For my "most cited" paper, the _vast_ bulk of the citations from said paper
took place several years after it went into open access because it was NIH
funded. Heck, "peak citation" was this year, a full 8 years after it was
published. The same general trend is true for my second most cited paper -
peak citation is several years after the fact.

Both of these papers were also trivially easy to find in PDF form online.

------
teekert
I also don't like it but the paper needs be printed and reviewed. This is not
free.
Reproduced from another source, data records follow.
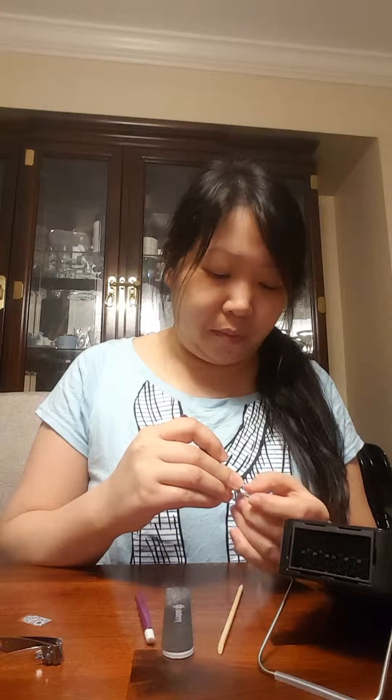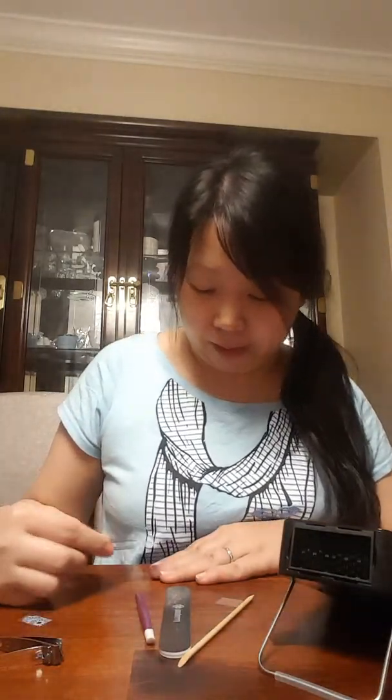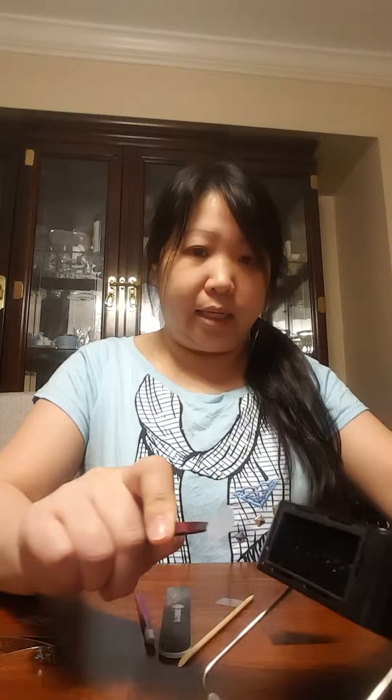What you want to do is see which wrap fits best on your nail, so you measure it and then cut it. For me, I've already measured — my middle finger is the best fit for this size here.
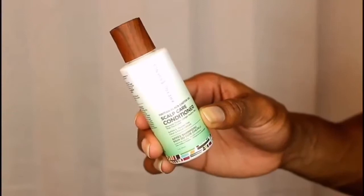Moving on to the scalp care conditioner — this surprised me more than anything because I was actually able to finger detangle with it. I did not expect that at first because of the texture and consistency, but it definitely worked really well. I also left some of the conditioner in as a leave-in.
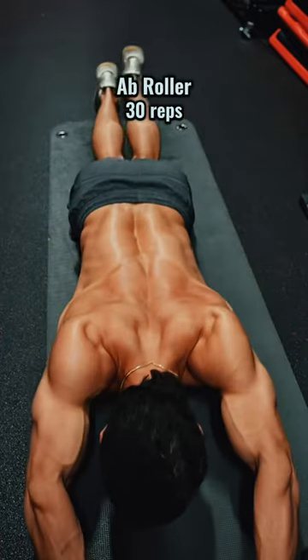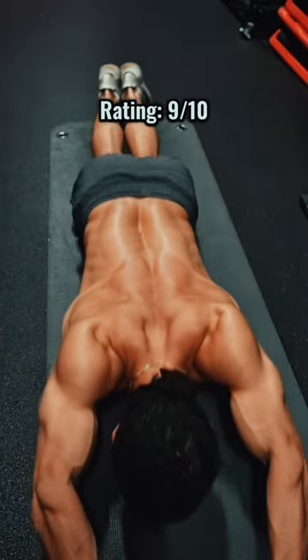And finally, ab rollers as a cherry on top. You repeat the circuit three times. I was a huge fan of this workout, so I'll give it a 9 out of 10.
Perhaps we should agree that the publishing group pays for the entire
cost of the article so that it can be free after the process of publishing it?
Or boycot paywalled publishers, maybe go for PLOS? If you have ever complained
about paywalls, don't ever publish in a paywalled journal yourself.

I'm all for free papers by the way, nothing is more annoying that researching
things and hitting paywalls but someone has got to pay the people doing the
publishing work.

Also: If I order a paper from our library or I download it myself, it often
comes with an on the fly generated cover page with my IP address on it. One
can remove that, certainly but there may be other mechanisms to tag papers.
Amazon reportedly investigated (and implemented?) putting specific, unique
errors in DRM free ebook copies to identify sources of piracy. So I wouldn't
advice you to just send the PDF around unless you are the author maybe and
have a PDF that did not go through the publishing process.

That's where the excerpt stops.